Task statement: In the records below, find the line with "Collar Perla Aurora Dorada" and the line with "Coque Souple - GUESS"; return exactly those lines and every line between them.

(Caption-style text data)
------------

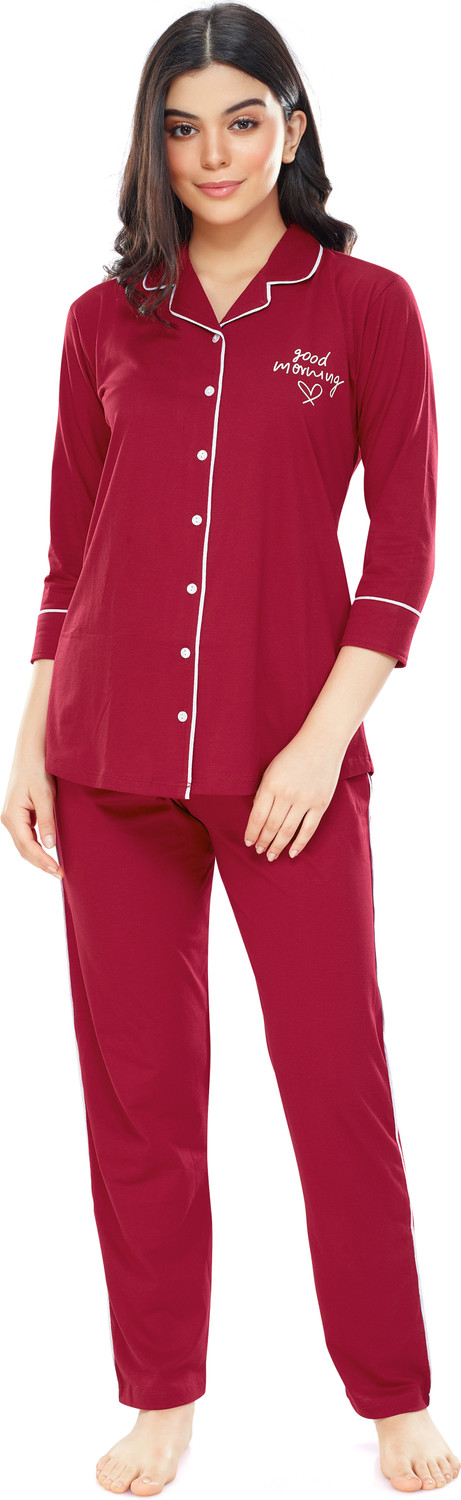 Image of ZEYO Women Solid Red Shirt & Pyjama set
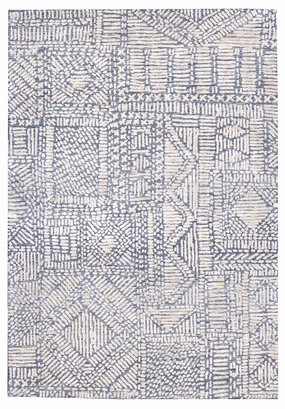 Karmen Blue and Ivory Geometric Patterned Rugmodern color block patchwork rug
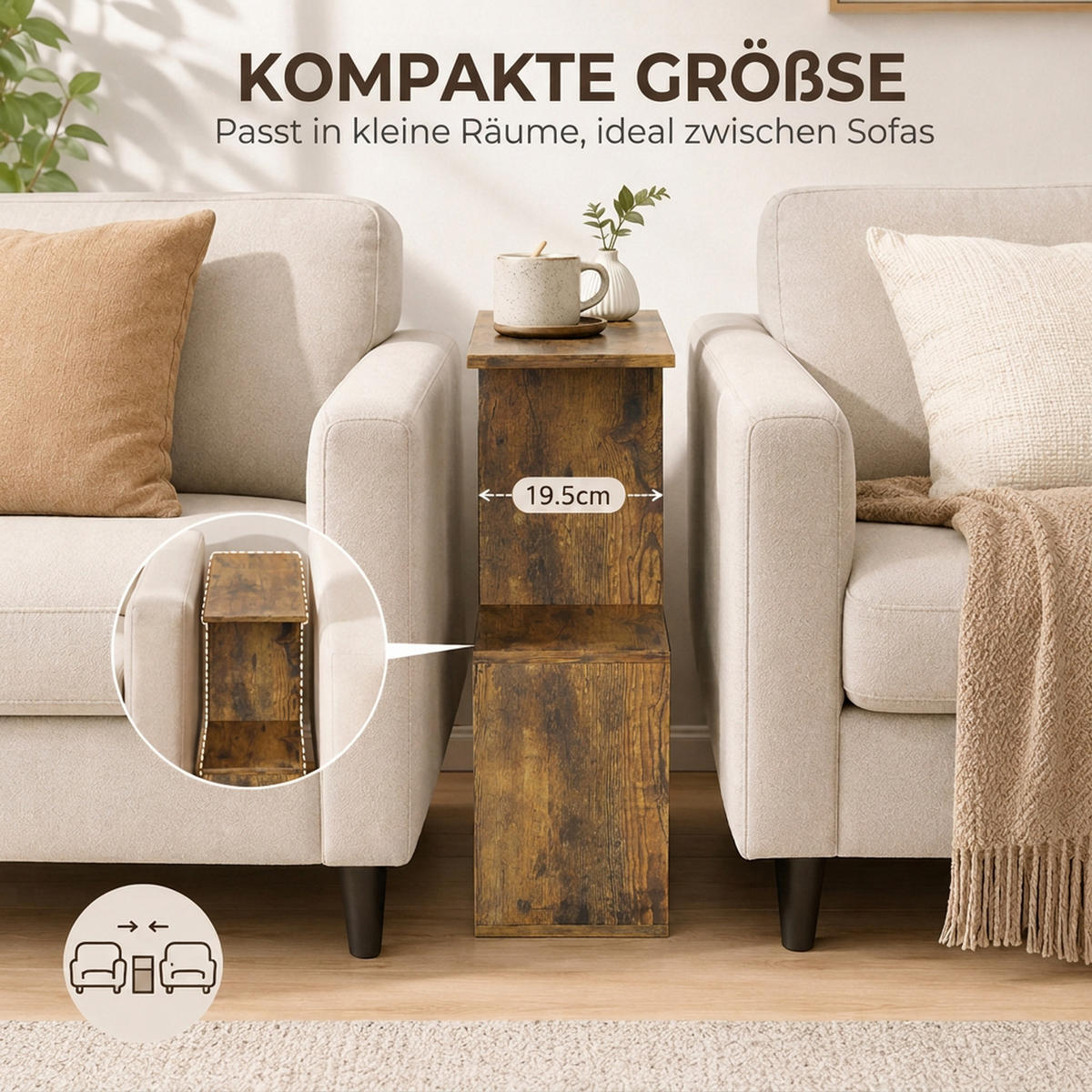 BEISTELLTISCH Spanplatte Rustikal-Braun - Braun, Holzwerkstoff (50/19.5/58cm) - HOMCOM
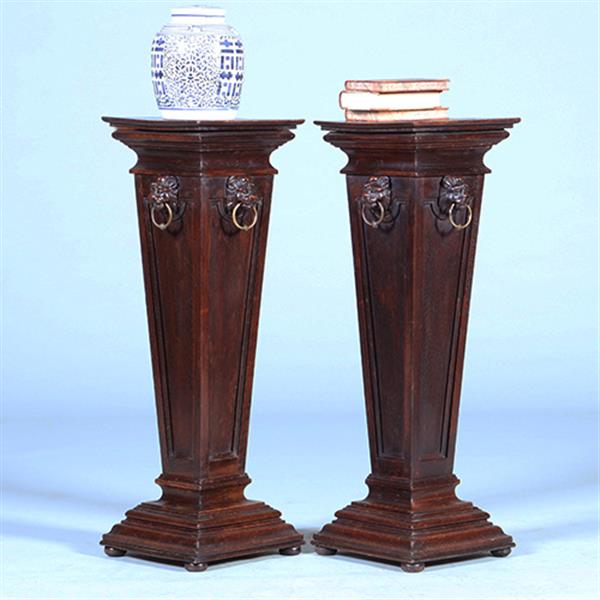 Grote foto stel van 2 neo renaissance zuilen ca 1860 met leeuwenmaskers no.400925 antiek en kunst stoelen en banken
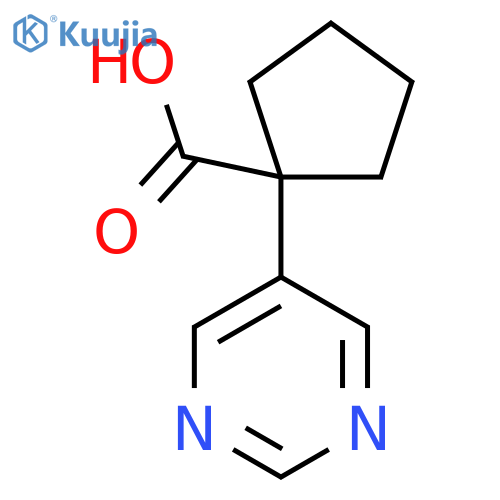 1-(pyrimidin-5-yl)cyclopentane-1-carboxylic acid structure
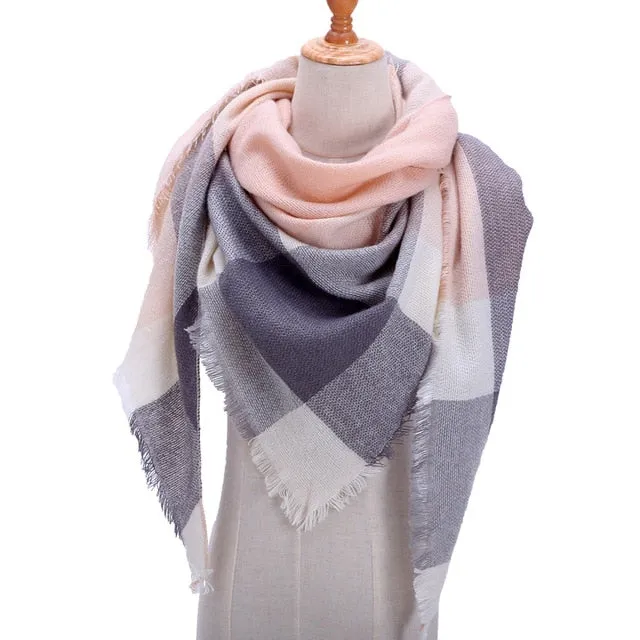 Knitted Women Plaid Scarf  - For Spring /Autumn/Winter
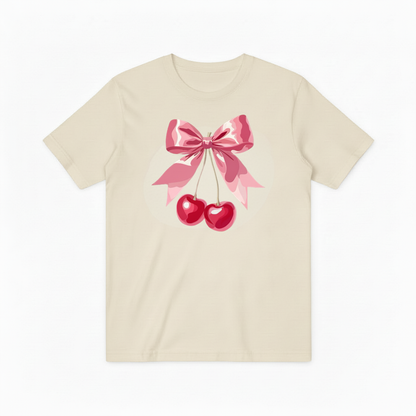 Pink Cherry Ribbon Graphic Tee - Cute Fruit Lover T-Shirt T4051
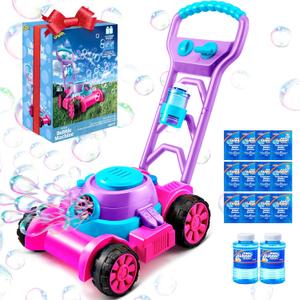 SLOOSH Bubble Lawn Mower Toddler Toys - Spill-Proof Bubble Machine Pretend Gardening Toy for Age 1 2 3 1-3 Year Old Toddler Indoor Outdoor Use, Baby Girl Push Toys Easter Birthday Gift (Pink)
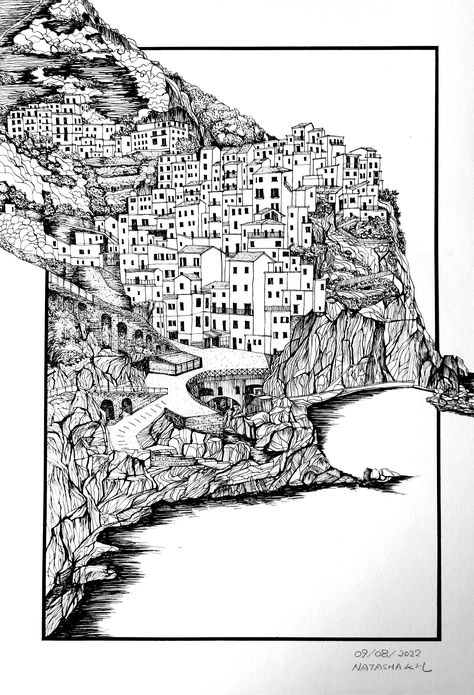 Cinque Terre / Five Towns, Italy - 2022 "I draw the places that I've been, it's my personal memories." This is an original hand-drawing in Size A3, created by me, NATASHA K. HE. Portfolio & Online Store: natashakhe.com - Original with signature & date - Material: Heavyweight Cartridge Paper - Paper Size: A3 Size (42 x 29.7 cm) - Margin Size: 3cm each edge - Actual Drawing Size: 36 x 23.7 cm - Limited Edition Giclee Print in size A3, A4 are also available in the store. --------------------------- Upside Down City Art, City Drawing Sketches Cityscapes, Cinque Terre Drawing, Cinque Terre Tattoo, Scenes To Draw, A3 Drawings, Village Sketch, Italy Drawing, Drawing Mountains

------------

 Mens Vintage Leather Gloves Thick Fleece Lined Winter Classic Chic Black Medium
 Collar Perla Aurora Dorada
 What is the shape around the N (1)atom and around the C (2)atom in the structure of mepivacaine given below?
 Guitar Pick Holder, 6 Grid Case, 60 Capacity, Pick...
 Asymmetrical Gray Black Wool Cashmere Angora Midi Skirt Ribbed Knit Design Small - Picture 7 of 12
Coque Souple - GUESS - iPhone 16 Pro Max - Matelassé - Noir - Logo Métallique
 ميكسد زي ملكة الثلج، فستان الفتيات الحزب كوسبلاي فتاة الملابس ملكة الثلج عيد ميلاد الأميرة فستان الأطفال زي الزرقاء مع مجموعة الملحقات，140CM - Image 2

------------

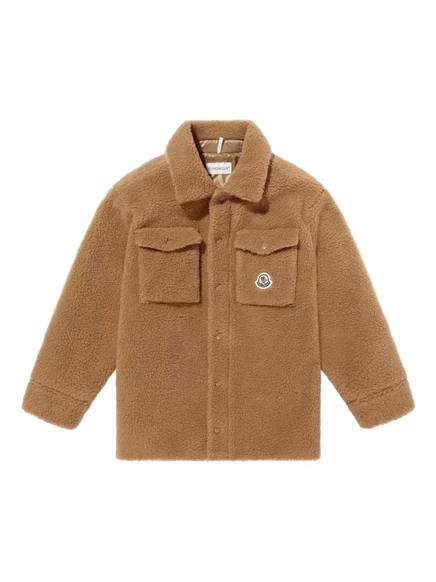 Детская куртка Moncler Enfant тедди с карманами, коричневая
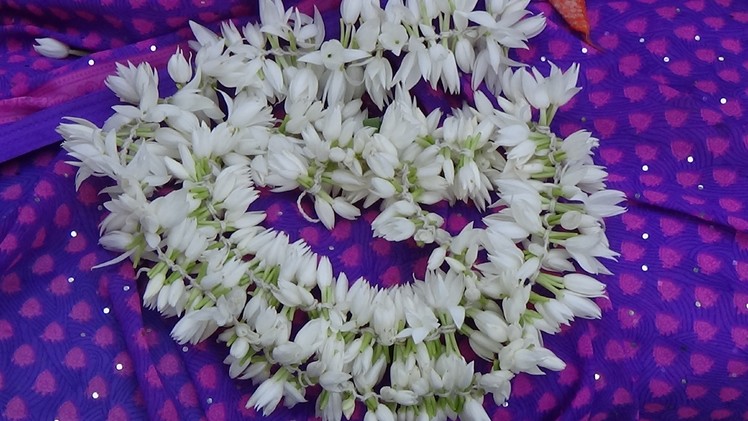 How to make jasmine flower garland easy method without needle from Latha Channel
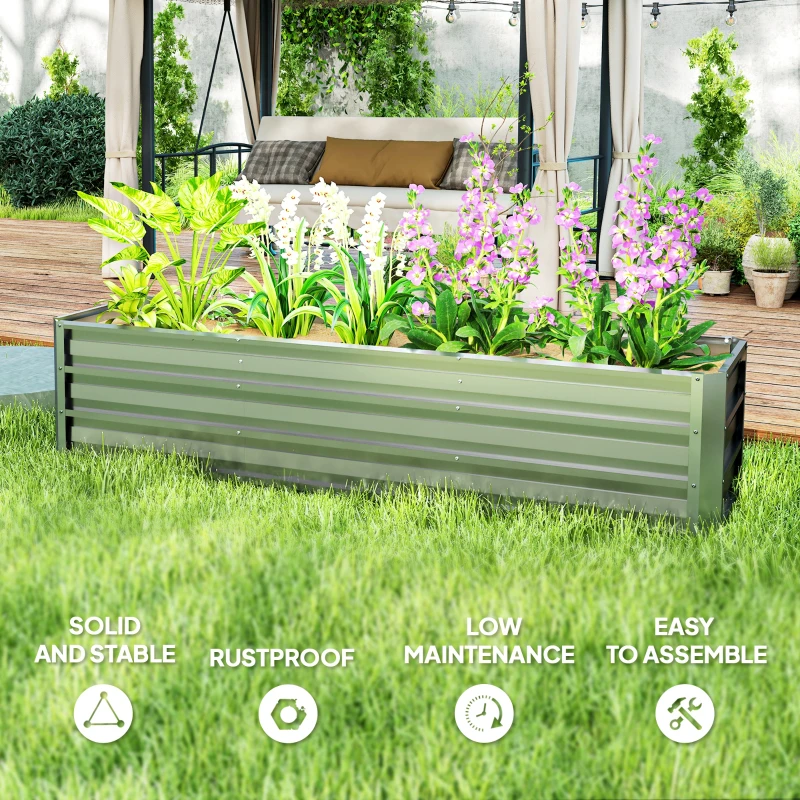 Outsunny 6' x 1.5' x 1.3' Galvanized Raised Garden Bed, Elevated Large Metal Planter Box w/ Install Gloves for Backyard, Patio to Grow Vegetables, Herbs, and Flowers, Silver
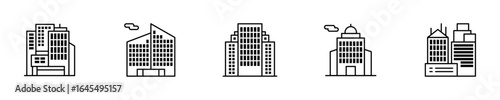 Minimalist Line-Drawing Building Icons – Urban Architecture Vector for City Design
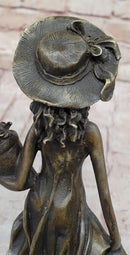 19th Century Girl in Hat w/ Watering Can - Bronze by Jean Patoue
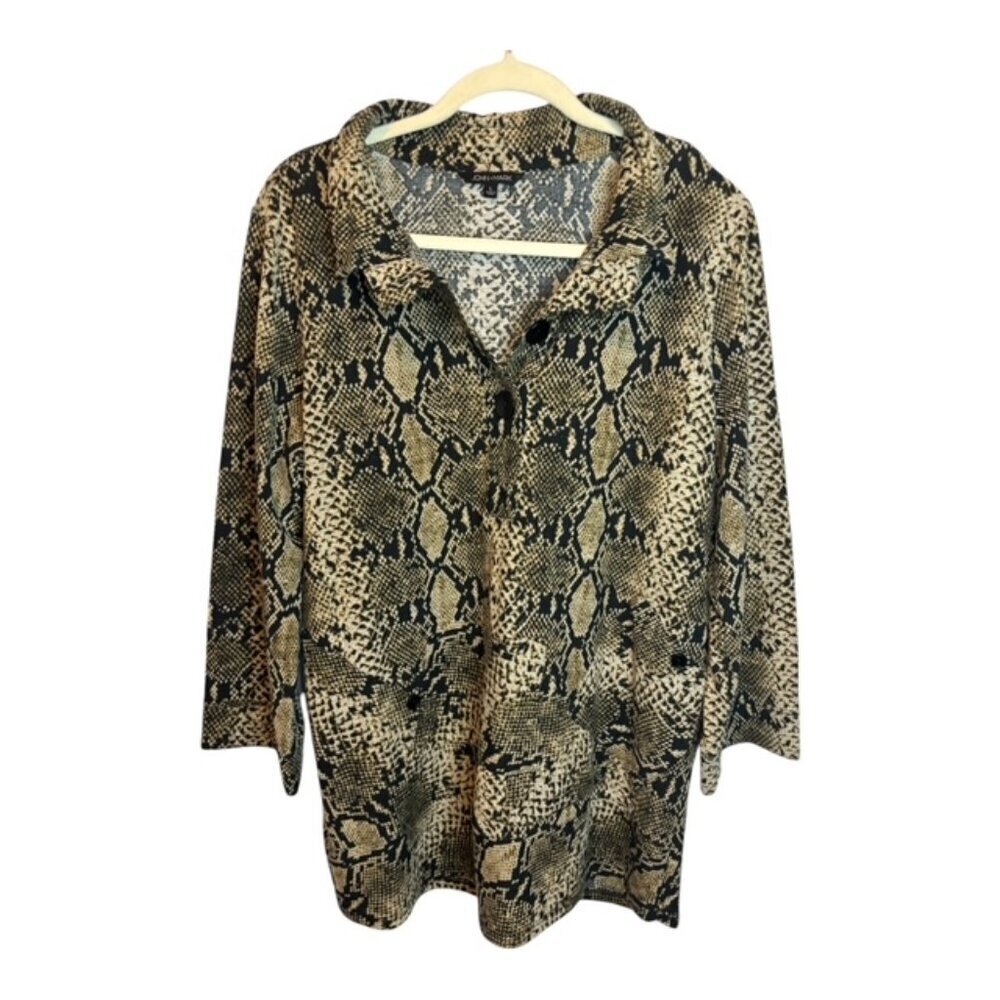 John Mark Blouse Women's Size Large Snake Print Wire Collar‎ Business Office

------------

Exercise answer:
 Collar Perla Aurora Dorada
 What is the shape around the N (1)atom and around the C (2)atom in the structure of mepivacaine given below?
 Guitar Pick Holder, 6 Grid Case, 60 Capacity, Pick...
 Asymmetrical Gray Black Wool Cashmere Angora Midi Skirt Ribbed Knit Design Small - Picture 7 of 12
Coque Souple - GUESS - iPhone 16 Pro Max - Matelassé - Noir - Logo Métallique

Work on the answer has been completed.